------ Records supplied ------

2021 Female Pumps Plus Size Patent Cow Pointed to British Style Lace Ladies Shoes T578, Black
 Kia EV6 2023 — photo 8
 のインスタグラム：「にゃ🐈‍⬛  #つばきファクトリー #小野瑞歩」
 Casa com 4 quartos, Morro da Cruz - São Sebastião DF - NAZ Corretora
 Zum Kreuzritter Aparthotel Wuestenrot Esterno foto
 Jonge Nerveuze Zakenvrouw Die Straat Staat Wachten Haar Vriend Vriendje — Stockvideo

------

» Work instruction
Using the exact wording, transcribe all the records above.

» Written answer
2021 Female Pumps Plus Size Patent Cow Pointed to British Style Lace Ladies Shoes T578, Black
 Kia EV6 2023 — photo 8
 のインスタグラム：「にゃ🐈‍⬛  #つばきファクトリー #小野瑞歩」
 Casa com 4 quartos, Morro da Cruz - São Sebastião DF - NAZ Corretora
 Zum Kreuzritter Aparthotel Wuestenrot Esterno foto
 Jonge Nerveuze Zakenvrouw Die Straat Staat Wachten Haar Vriend Vriendje — Stockvideo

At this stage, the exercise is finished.